- Born: William George Ranald Mundell Laurie 4 May 1915 Grantchester, Cambridgeshire, England, United Kingdom
- Died: 19 September 1998 (aged 83) Hethersett, Norfolk, England, United Kingdom
- Education: Monkton Combe School
- Alma mater: Selwyn College, Cambridge
- Occupations: Physician; rower;
- Spouses: Patricia Laidlaw ​ ​(m. 1944; died 1989)​; Mary Arbuthnot ​(m. 1990)​;
- Children: 4, including Hugh

= Ran Laurie =

British rower (1915–1998)

William George Ranald Mundell "Ran" Laurie (4 May 1915 – 19 September 1998) was a British physician, colonial administrator, Olympic rowing champion and gold medallist. He was the father of actor Hugh Laurie.

==Early life, education and rowing career==
Laurie was born in Grantchester, Cambridgeshire, in 1915, the elder son of William Walker Laurie (1882–1976), a tenant farmer who later worked for the Ely Sugar Beet Company, and Margaret Grieve (née Mundell) (1886–1959), who took in paying guests at their house, and during the Second World War was live-in housekeeper for Bishop George Chase, then master of Selwyn College, Cambridge. He was of Scottish descent.

Laurie began his rowing career at Monkton Combe School, and continued rowing when he attended Selwyn College, Cambridge, in 1933, where he was a member of the Hermes Club. A. P. McEldowney, the chronicler of Selwyn rowing and founder of University of London Boat Club, said of Laurie: "This year (1933) there arrived at Selwyn a Freshman who was not only the most famous oarsman Selwyn ever had, but also one of the most famous Great Britain ever had – WGRM Laurie. And we can truly claim him as a Selwyn oarsman. He had always told me he learnt all his rowing from Taffy Jones [W J Llewellyn-Jones] at Monkton Combe School. And where but Selwyn did Taffy learn his rowing?"

Laurie rowed for Cambridge in the 1934, 1935, and 1936 boat races, all of which were won by Cambridge. He was in the boat with Jack Wilson, who was to become his rowing partner later in their careers. At the 1936 Olympics, he rowed as stroke in Great Britain's eight, the team eventually finishing in fourth place. Together, Laurie and Wilson, rowing for Leander Club, won the Silver Goblets at Henley Royal Regatta in 1938.

After the war interrupted their rowing careers, Laurie and Wilson returned to Henley in 1948, once again winning the Silver Goblets. This was followed a month later by a gold medal in the coxless pair event at the 1948 Olympics in London, rowing on their familiar Henley course. It was described by Laurie as "the best row we ever had". Laurie and Wilson were the best pair of their generation, and it was not until Steve Redgrave and Andy Holmes won the Olympics in 1988 that Britons once more excelled in this class of boat. Laurie and Wilson were known as the "Desert Rats" because of their sojourn in the Sudan. They were trained at Leander Club by Alexander McCulloch, who won a silver medal at the 1908 Olympics. Their boat is now on show at the River and Rowing Museum at Henley-on-Thames, hanging above the boat that won the 1996 Summer Olympics with Redgrave and Pinsent.

Laurie was elected a steward of Henley Royal Regatta in 1951 and also served as a Henley umpire.
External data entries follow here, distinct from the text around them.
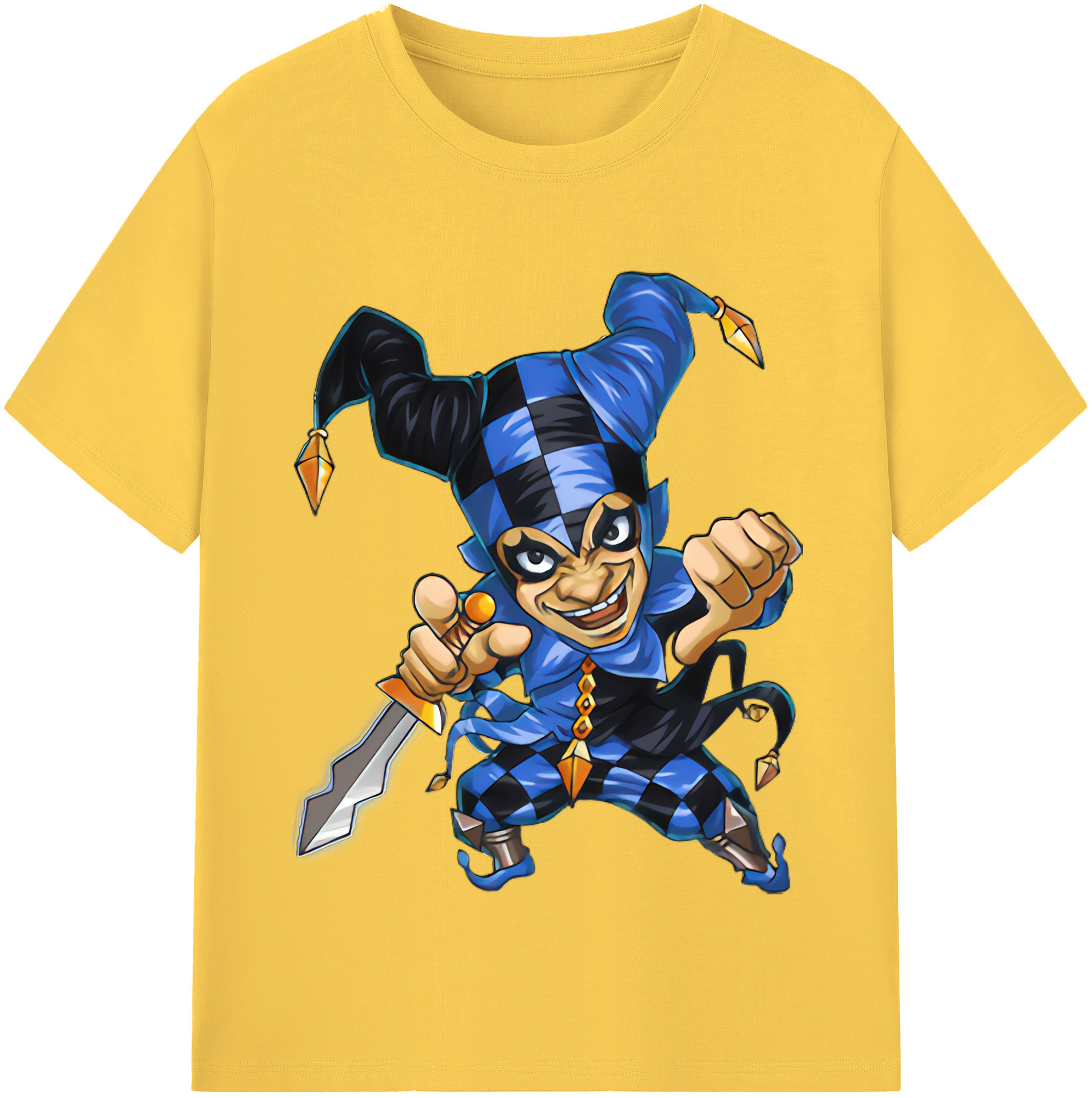 リーグ・オブ・レジェンド League of Legends LOL 綿100％半袖Tシャツ（フロントプリント）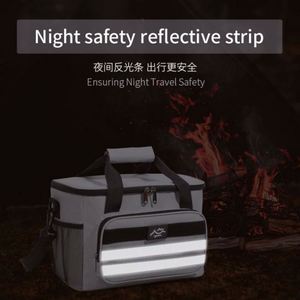 Sac isotherme pliable pour pique-nique, poisson, fruits de mer, bière, avec logo personnalisé, grand format, imperméable, en aluminium écologique - Product Image 6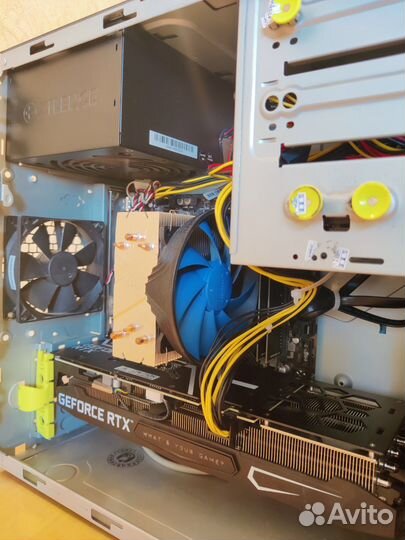 Компьютер Core i3-12100F, 16GB, RTX 3070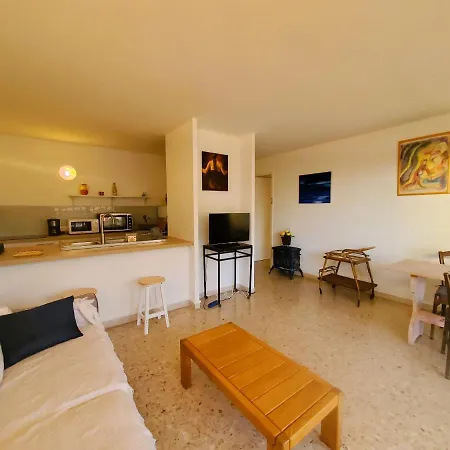 Plage Le Mediterranee 2 T2 50m2 Climatise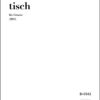 Petersen, Birger: »tisch« (2022) für Gitarre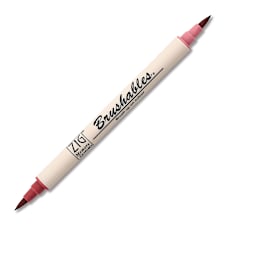 Zig Brushables Dual Tip Marker - Antique Burgundy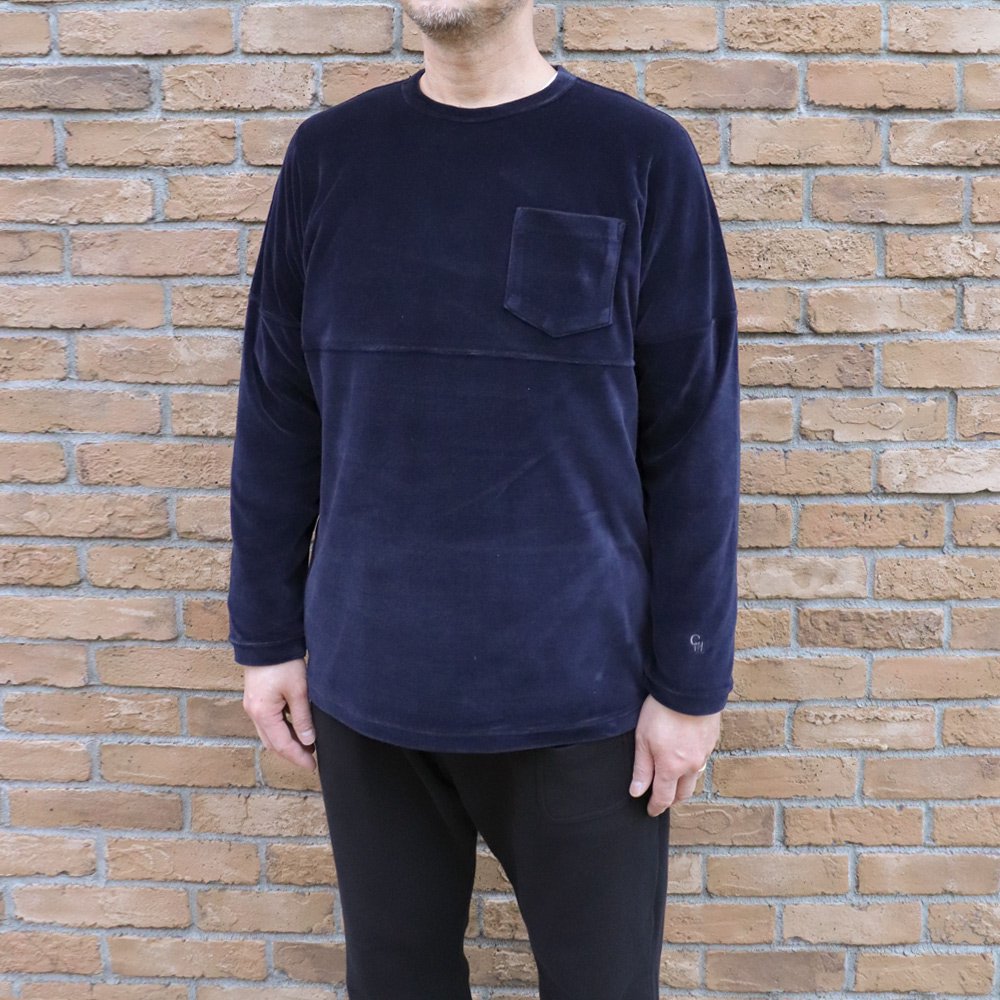 ORIGINAL Charcoalʥꥸʥ 㥳 Velour Foot L/S, SALEBRANDS, ORIGINAL Charcoal, NO.21-01-1-212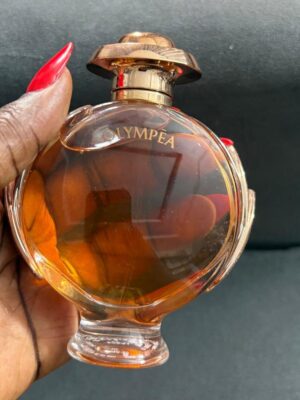 Olympea light orange plain bottle edp 80ml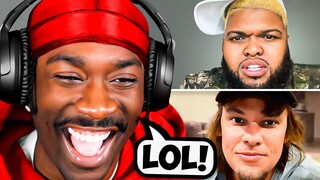 BruceDropEmOff Reacts to Druski x Theo Von.. (HILARIOUS)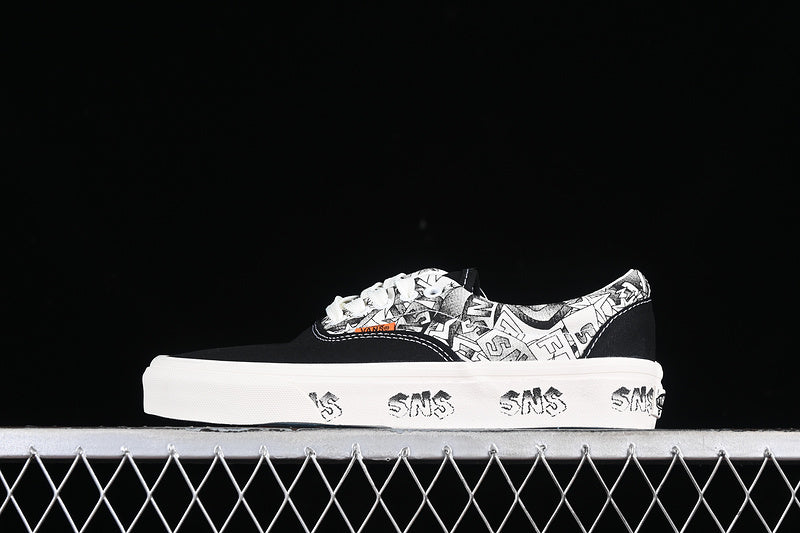 VANS ERA PEWTER/BLACK/GREY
He sat on Henley's management committee between 1975 and 1986.

==Colonial and medical career==
Laurie joined the Sudan Political Service in 1936, becoming District Commissioner of Nyala. In 1954, he qualified as a medical doctor, working for 30 years as a general practitioner in Blackbird Leys, Oxford. He also chaired the Oxford Committee of The Duke of Edinburgh's Award between 1959 and 1969, and the Oxford branch of Save the Children from 1986 to 1989. In 2005, it was proposed that the newly refurbished health centre in Blackbird Leys be named after Laurie in recognition of his service to the local community; however, it was subsequently named The Leys, after the local area, when it opened in February 2006.

==Personal life==
In 1944, Laurie married Patricia Laidlaw; they were married until her death from motor neuron disease in 1989. Both were members of their local Presbyterian church, now St Columba's United Reformed Church, Oxford. They had two daughters and two sons, the youngest of whom is the actor Hugh Laurie, who followed in his father's footsteps, rowing for Selwyn College and Cambridge University. Ran Laurie married Mrs Douglas Ernest Arbuthnot, (Evaline) Mary Arbuthnot, née Morgan in 1990 in Norfolk.

Laurie died of Parkinson's disease in 1998 at the age of 83.